-- Materials provided follows --
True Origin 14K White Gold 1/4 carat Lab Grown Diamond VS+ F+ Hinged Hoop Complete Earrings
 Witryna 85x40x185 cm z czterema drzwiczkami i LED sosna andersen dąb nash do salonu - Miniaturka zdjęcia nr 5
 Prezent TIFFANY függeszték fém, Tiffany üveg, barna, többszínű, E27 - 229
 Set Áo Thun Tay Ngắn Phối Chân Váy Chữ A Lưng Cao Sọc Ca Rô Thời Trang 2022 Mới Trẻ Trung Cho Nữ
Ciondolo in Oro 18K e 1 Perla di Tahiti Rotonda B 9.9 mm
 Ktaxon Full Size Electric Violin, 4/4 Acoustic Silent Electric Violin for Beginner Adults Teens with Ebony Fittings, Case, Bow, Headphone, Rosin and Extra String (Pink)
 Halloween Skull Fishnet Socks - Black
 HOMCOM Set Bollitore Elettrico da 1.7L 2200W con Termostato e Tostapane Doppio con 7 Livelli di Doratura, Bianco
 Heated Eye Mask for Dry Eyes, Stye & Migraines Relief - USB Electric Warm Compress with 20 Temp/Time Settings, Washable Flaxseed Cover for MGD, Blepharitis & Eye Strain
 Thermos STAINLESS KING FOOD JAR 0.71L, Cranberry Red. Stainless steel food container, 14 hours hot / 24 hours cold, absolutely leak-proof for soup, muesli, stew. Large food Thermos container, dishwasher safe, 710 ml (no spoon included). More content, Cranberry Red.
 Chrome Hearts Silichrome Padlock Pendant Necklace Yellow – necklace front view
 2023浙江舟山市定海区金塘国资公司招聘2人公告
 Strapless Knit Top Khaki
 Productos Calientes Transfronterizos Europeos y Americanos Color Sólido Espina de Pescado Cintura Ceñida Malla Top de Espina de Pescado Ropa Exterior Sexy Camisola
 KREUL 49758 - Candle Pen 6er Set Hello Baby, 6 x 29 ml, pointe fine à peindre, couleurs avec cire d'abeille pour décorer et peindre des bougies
-- Materials provided concluded --
:: Your instructions ::
The lines to reproduce run from the one containing "Ktaxon Full Size" to the last line of the listing; print them exactly, including both ends.

:: Response area ::
 Ktaxon Full Size Electric Violin, 4/4 Acoustic Silent Electric Violin for Beginner Adults Teens with Ebony Fittings, Case, Bow, Headphone, Rosin and Extra String (Pink)
 Halloween Skull Fishnet Socks - Black
 HOMCOM Set Bollitore Elettrico da 1.7L 2200W con Termostato e Tostapane Doppio con 7 Livelli di Doratura, Bianco
 Heated Eye Mask for Dry Eyes, Stye & Migraines Relief - USB Electric Warm Compress with 20 Temp/Time Settings, Washable Flaxseed Cover for MGD, Blepharitis & Eye Strain
 Thermos STAINLESS KING FOOD JAR 0.71L, Cranberry Red. Stainless steel food container, 14 hours hot / 24 hours cold, absolutely leak-proof for soup, muesli, stew. Large food Thermos container, dishwasher safe, 710 ml (no spoon included). More content, Cranberry Red.
 Chrome Hearts Silichrome Padlock Pendant Necklace Yellow – necklace front view
 2023浙江舟山市定海区金塘国资公司招聘2人公告
 Strapless Knit Top Khaki
 Productos Calientes Transfronterizos Europeos y Americanos Color Sólido Espina de Pescado Cintura Ceñida Malla Top de Espina de Pescado Ropa Exterior Sexy Camisola
 KREUL 49758 - Candle Pen 6er Set Hello Baby, 6 x 29 ml, pointe fine à peindre, couleurs avec cire d'abeille pour décorer et peindre des bougies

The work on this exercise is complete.